Existe um culto ao passado aguerrido do RS, digo aguerrido e não glorioso porque nem só de vitórias e glórias se forjou a estirpe gaúcha, mas de lutas contínuas e de batalhas em nome de um país que poucas vezes reconheceu a importância e o valor do povo gaúcho para a manutenção do seu território e soberania. Os gaúchos só eram lembrados quando precisavam de alguém para defender o Brasil, os sul-riograndenses estavam perto dos problemas (fronteiras e seus conflitos), mas longe das soluções (governo brasileiro) e isso parece persistir até hoje.
![]() |
A beleza da cultura gaúcha |
No entanto, algumas coisas mudaram. Embora haja um tremendo orgulho e reconhecimento por parte dos gaúchos de nossos heróis, nossa história, nossas tradições e cultura, ainda que com frequência sejam compartihadas fotos e frases em alusão ao decênio heróico, que se use bota, bombacha, vestido e faixa, que se ande a cavalo e se cante o campo, os sentimentos com violão e gaita, será que ainda temos o sangue farrapo em nossas veias? Será que Bento Gonçalves da Silva assistiria impassível, tal como nós, um Rio Grande do Sul sucateado, endividado, com uma economia pequena, altos impostos. Será que Antônio de Souza Neto ia se resignar a compartilhar um selfie com uma placa dizendo "não é só pelos 20 centavos" ou "queremos hospitais padrão FIFA"?
![]() |
Bento Golçalves se contentando em fazer um cartaz: não consigo imaginar! |
Me pergunto e repasso o questionmento para vocês: será que não estamos usando o chapéu alheio (talvez o chapéu de Onofre Pires ou David Canabarro), para coletar o brilho de uma estrela cadente para ofuscar um presente decadente?
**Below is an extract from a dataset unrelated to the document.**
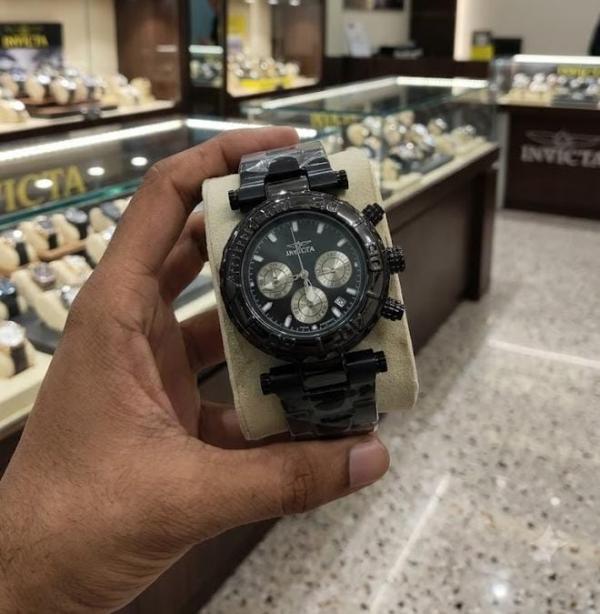 INVICTA AVIATOR MENS WATCH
Será que é suficiente encilhar o pingo no 20, sorver um amargo e dizer que ama o pago para prestar tributo a estes homens e mulheres valentes que entregaram seu prestígio, dinheiro e os melhores anos de suas vidas para lutarem como samurais, contra as metralhadoras do império ao qual serviram tanto?
![]() |
"Sirvam nossas façanhas de modelo a toda terra!" Os radicais vão dizer que o RS é o único lugar em que até os mendigos fazem questão de dormir enrolados na bandeira. |
Se as coisas estão assim, e não fazemos nada, se a indignação vem com as notícias do Jornal Nacional, mas são esquecidas pela novela e todas as bobagens que se alternam uma após a outra religiosamente, se você se acostumou com o inaceitável, será que você foi forjado ainda naqueles moldes de Flores da Cunha e Honório Lemes, homens honrados e leais até com os inimigos?
Será que eu tenho algo da fibra de meus heróis quando vivo num lugar em que medíocres se espalham feito erva daninha, onde a malandragem é virtude e não sou forte o suficiente para mudar isso?
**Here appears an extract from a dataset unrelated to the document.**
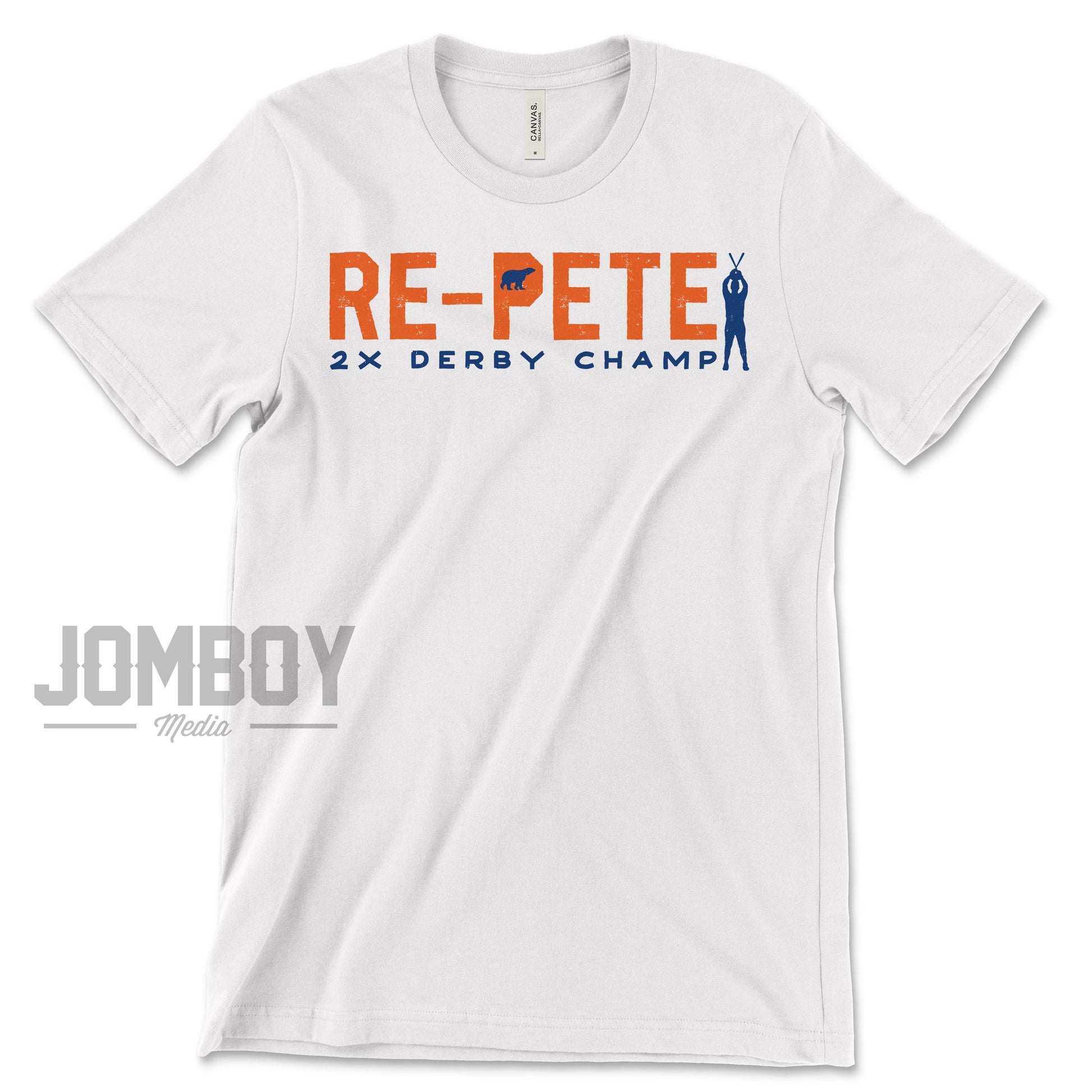 RE-PETE | T-Shirt - Jomboy Media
Garibaldi disse dos gaúchos de outros tempos:
"Quantas vezes fui tentado a patentear ao mundo os feitos assombrosos que vi realizar por essa viril e destemida gente, que sustentou por mais de nove anos contra um poderoso império a mais encarniçada e gloriosa luta!"
Leia a carta na íntegra, e reflita: somos ainda aquele povo do qual Garibaldi falou? Ou somos como os atuais membros da Família Real Inglesa: herdamos o título de gaúchos, mas são outros o que governam nossa terra, enquanto o que resta é exigir respeito evocando os velhos e áureos tempos?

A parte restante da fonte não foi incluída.